YOUR ASSIGNMENT: Retyped exactly and without pictures, the lines from the one with "安踏（ANTA）冲锋衣男厚外" through the end of the listing must form the entire answer.

GIVEN INFORMATION:
————

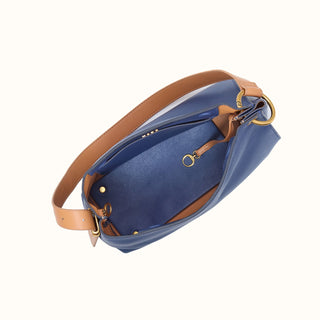 Rayna Shoulder Bag - Navy Horizon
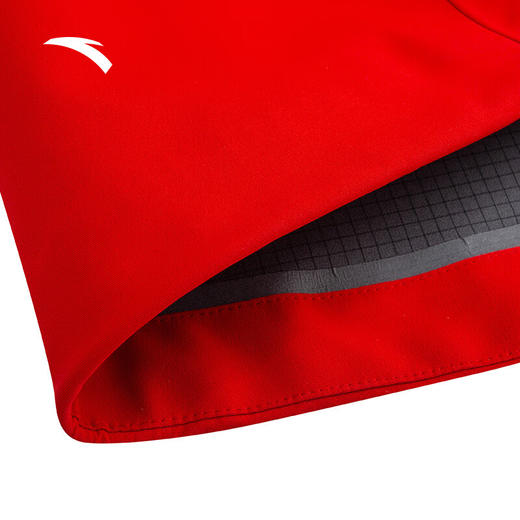 安踏（ANTA）冲锋衣男厚外套冬装轻便耐磨徒步登山服防水运动上衣152517625 商品图5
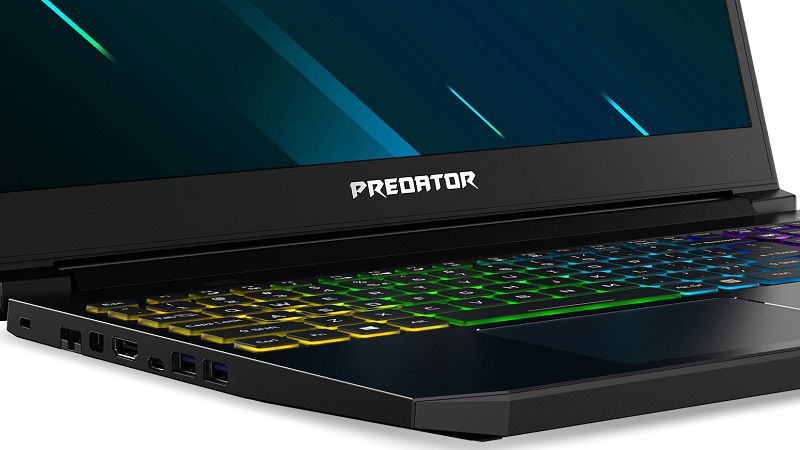 Acer Predator Triton 300 - Hài hoà về thiết kế và hiệu năng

————

RESPONSE BELOW:
 安踏（ANTA）冲锋衣男厚外套冬装轻便耐磨徒步登山服防水运动上衣152517625 商品图5
 Acer Predator Triton 300 - Hài hoà về thiết kế và hiệu năng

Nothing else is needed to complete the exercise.